> **DATA RECORDS**
--
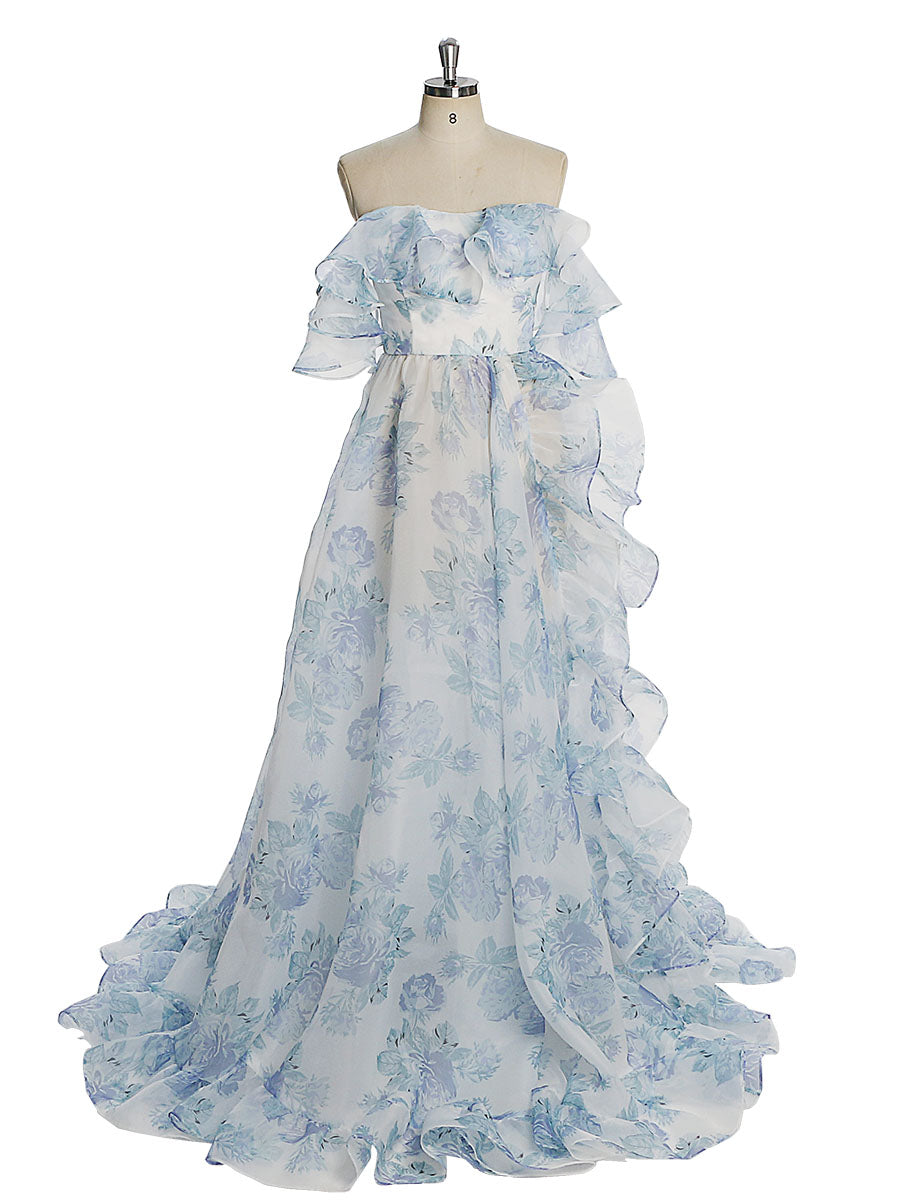 High Side Leg Split Ruffles Formal Gown Woman Party Dress Photography Photo Shoot Dress Props Lace up Back YW231044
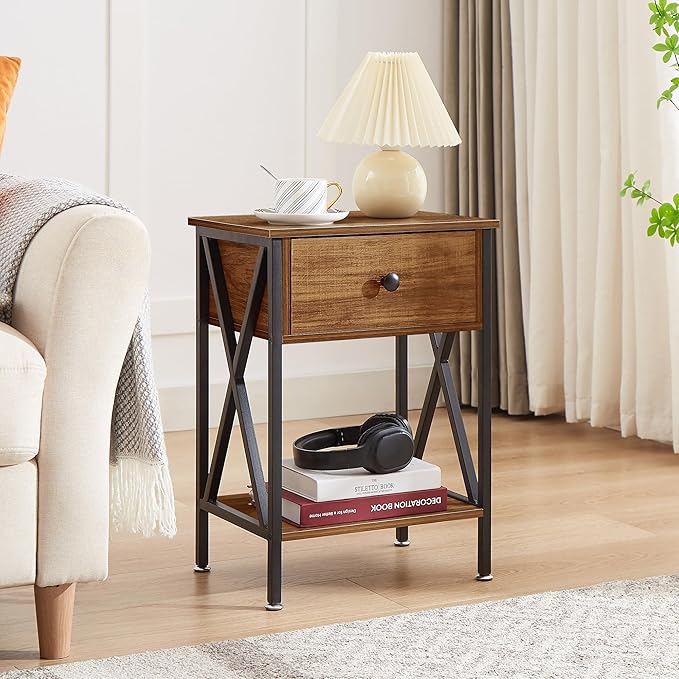 VECELO Nightstands Set of 2, Modern Bedside End Tables, Night Stands - Image 2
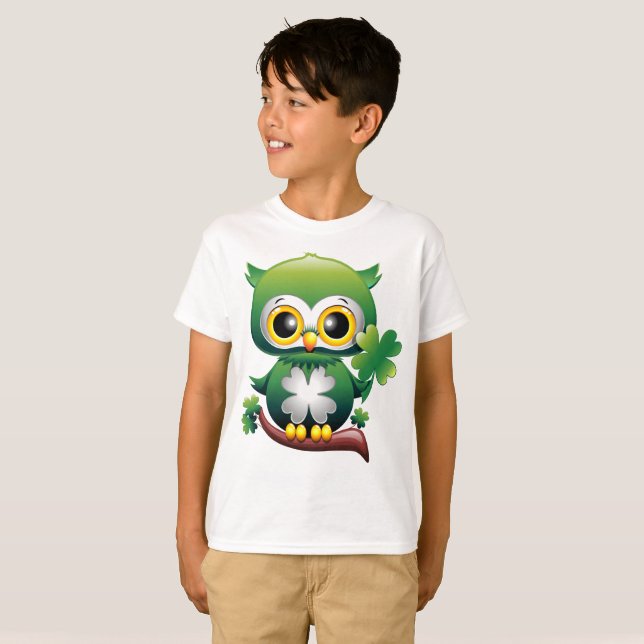 T-shirt Baby Owl St Patrick Paddy Cartoon (Devant entier)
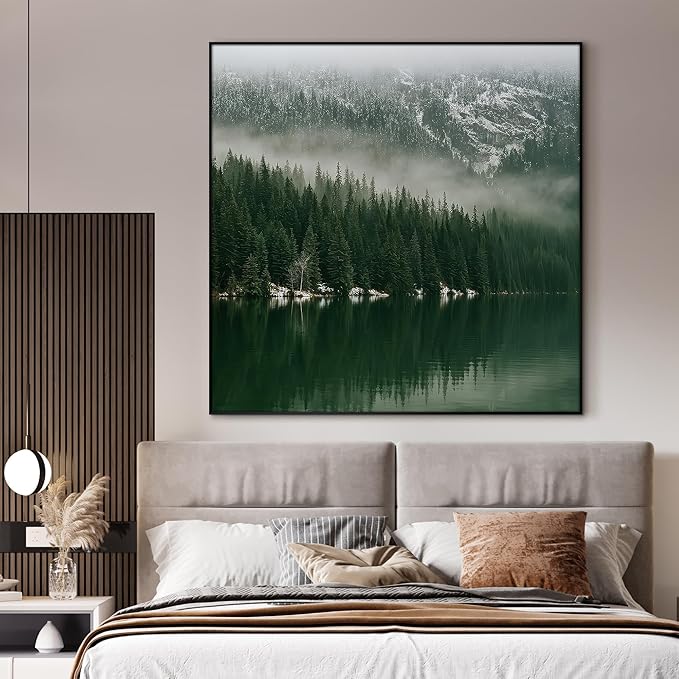 46"x46" XL Framed Wall Art - Misty Forest Landscape Green Pine Trees (Frame Assembly Required)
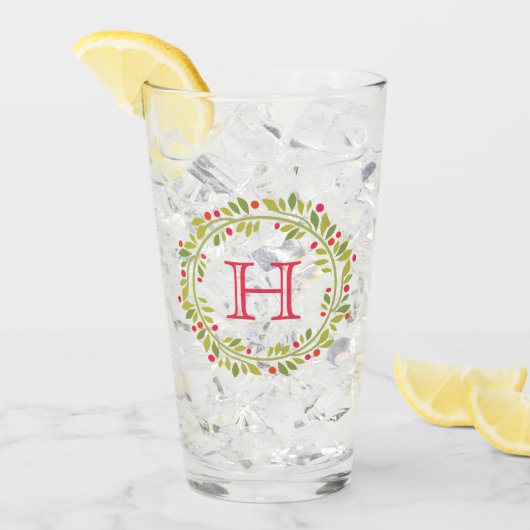 Custom Red Holly Berries Green Leaves Wreator Glas (Voorkant ijs)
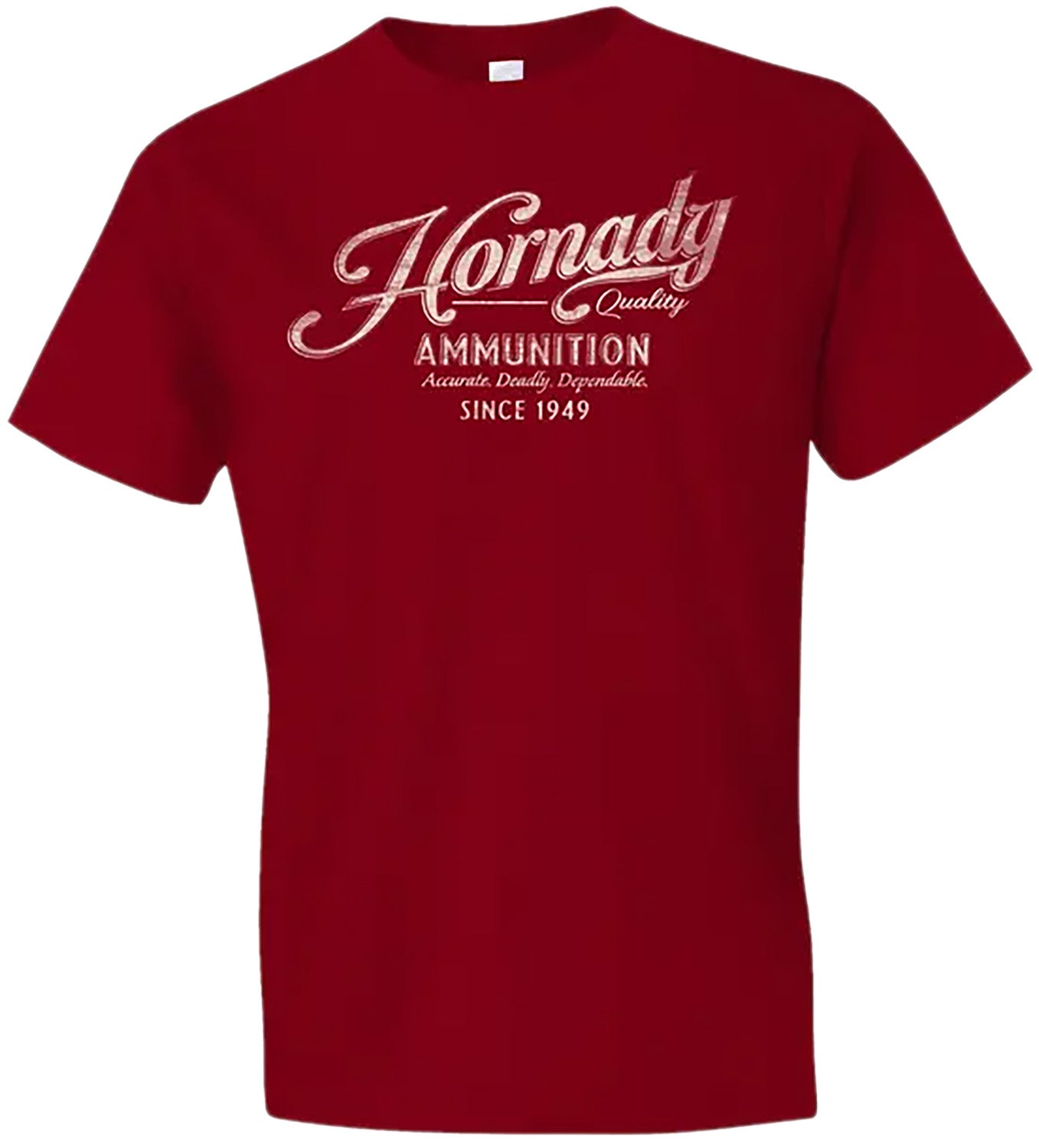 Hornady Gear Vintage Script Red Cotton Semi-Fitted T-Shirt Medium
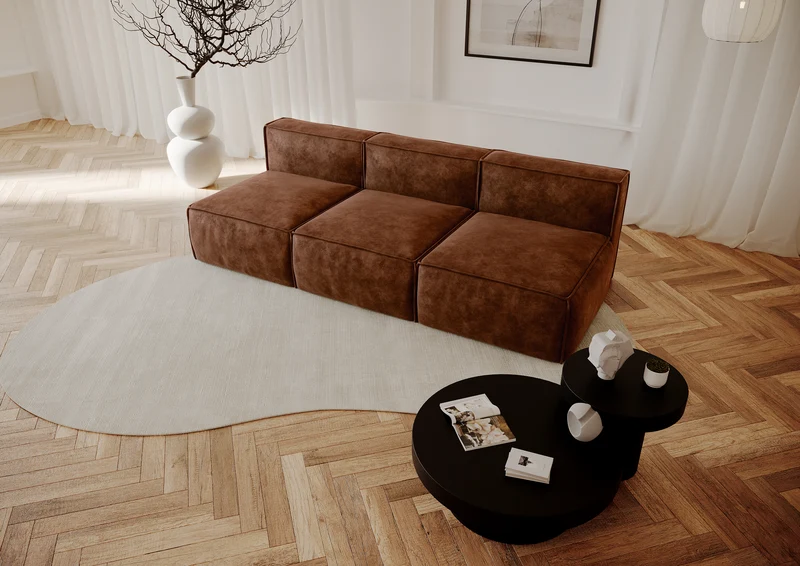 Canapé ouvert 5 places ROLF Tissu effet cuir vintage
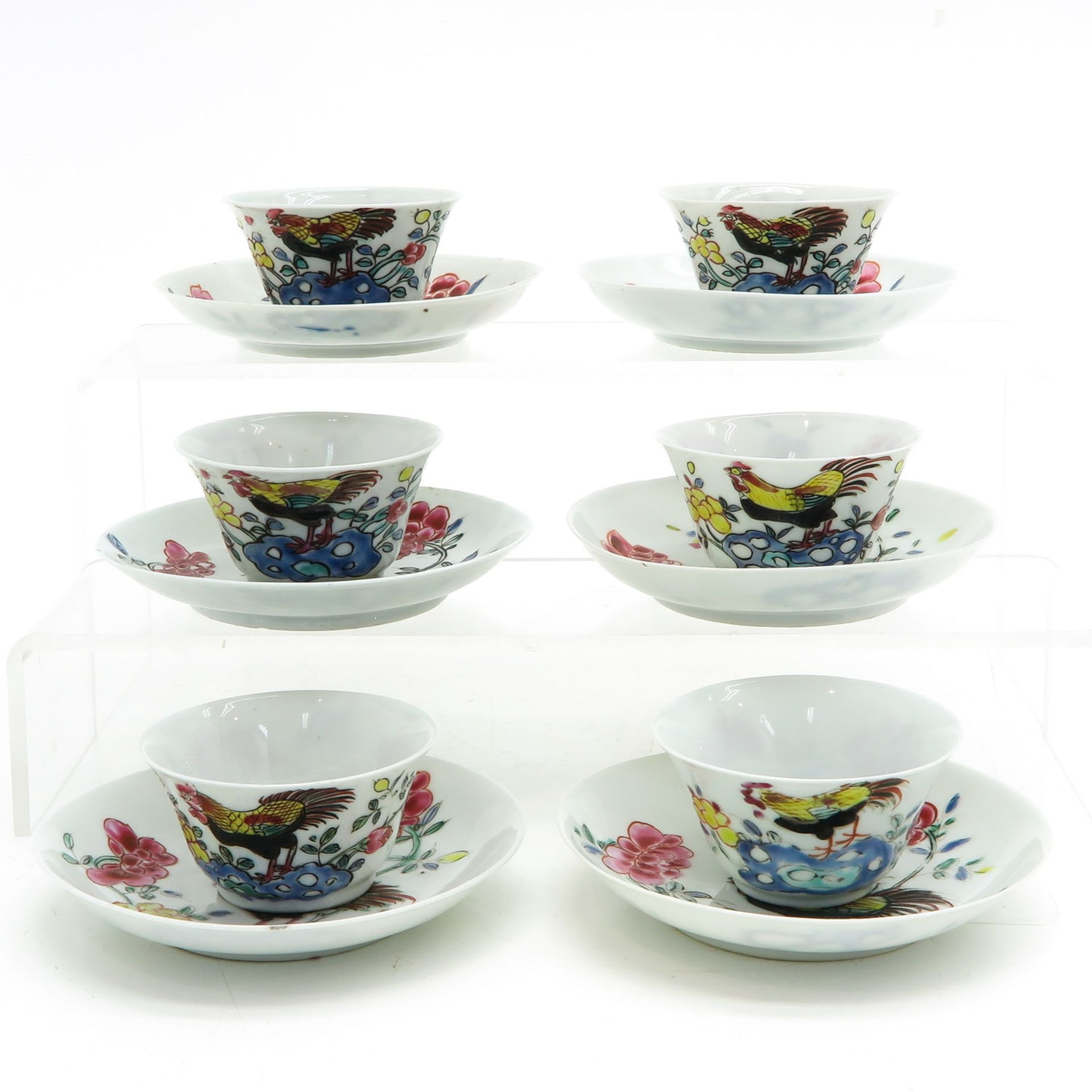 Six Famille Rose Cups and Saucers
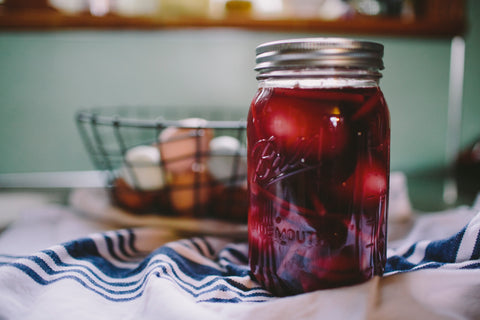 pickled beets in a jar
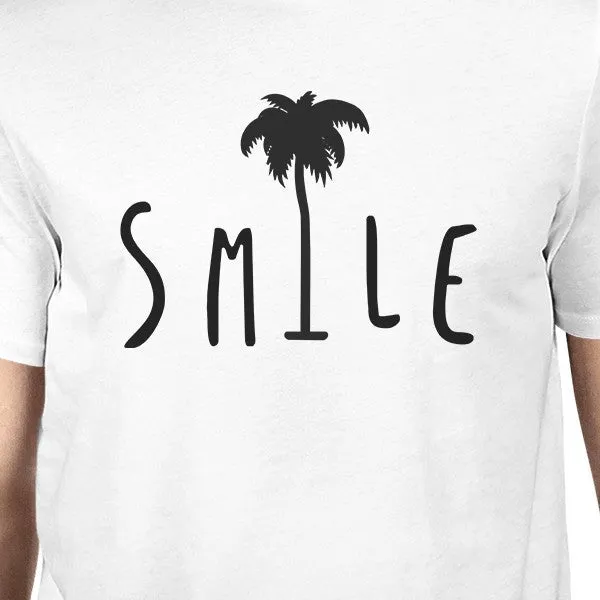Smile Palm Tree Mens White Round Neck Short Sleeve T-Shirt Gifts
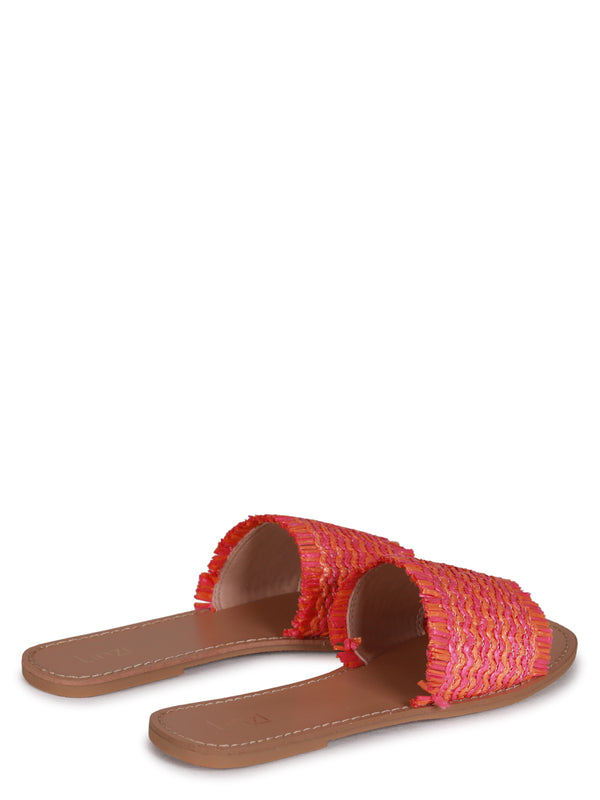Linzi Pink & Orange Raffia Slip On Slider With Fringing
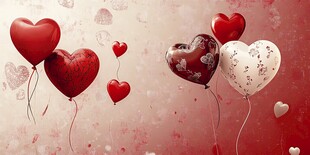 浪漫心形气球背景图
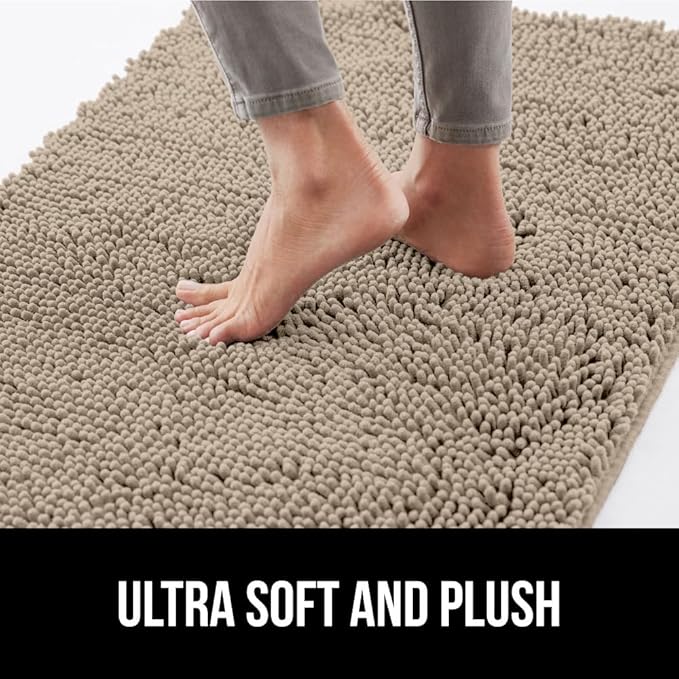 GORILLA GRIP SOAKSTOPPER Dog Door Mat, 60x36 Machine Washable Rug Absorbent Doormat Captures Moisture Mud Dirt, Quick Dry Soft Chenille Entryway Rugs Indoor Entrance Mats for Dog Paws, Beige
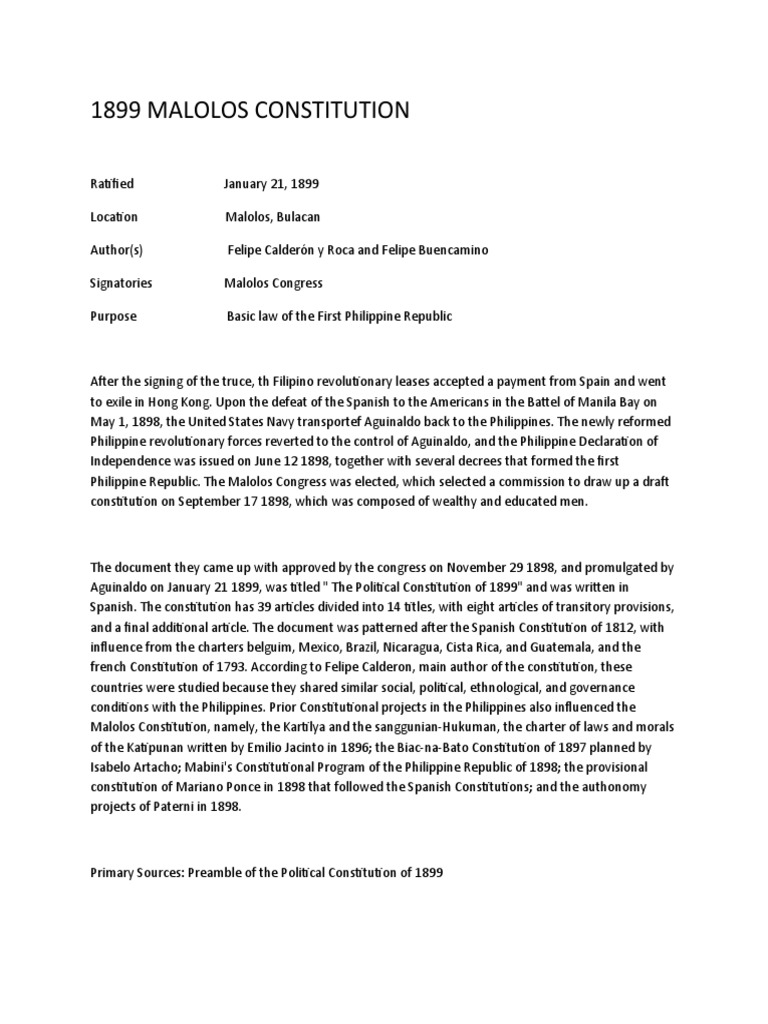 1899 MALOLOS CO-WPS Office | PDF | Legal Documents | Philippines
--
> **WHAT IS EXPECTED**
Each line above should be written out again unchanged; no images are to be carried over.

> **WORKED SOLUTION**
 High Side Leg Split Ruffles Formal Gown Woman Party Dress Photography Photo Shoot Dress Props Lace up Back YW231044
 VECELO Nightstands Set of 2, Modern Bedside End Tables, Night Stands - Image 2
 T-shirt Baby Owl St Patrick Paddy Cartoon (Devant entier)
 46"x46" XL Framed Wall Art - Misty Forest Landscape Green Pine Trees (Frame Assembly Required)
 Custom Red Holly Berries Green Leaves Wreator Glas (Voorkant ijs)
 Hornady Gear Vintage Script Red Cotton Semi-Fitted T-Shirt Medium
 Canapé ouvert 5 places ROLF Tissu effet cuir vintage
 Six Famille Rose Cups and Saucers
 pickled beets in a jar
Smile Palm Tree Mens White Round Neck Short Sleeve T-Shirt Gifts
Linzi Pink & Orange Raffia Slip On Slider With Fringing
 浪漫心形气球背景图
 GORILLA GRIP SOAKSTOPPER Dog Door Mat, 60x36 Machine Washable Rug Absorbent Doormat Captures Moisture Mud Dirt, Quick Dry Soft Chenille Entryway Rugs Indoor Entrance Mats for Dog Paws, Beige
 1899 MALOLOS CO-WPS Office | PDF | Legal Documents | Philippines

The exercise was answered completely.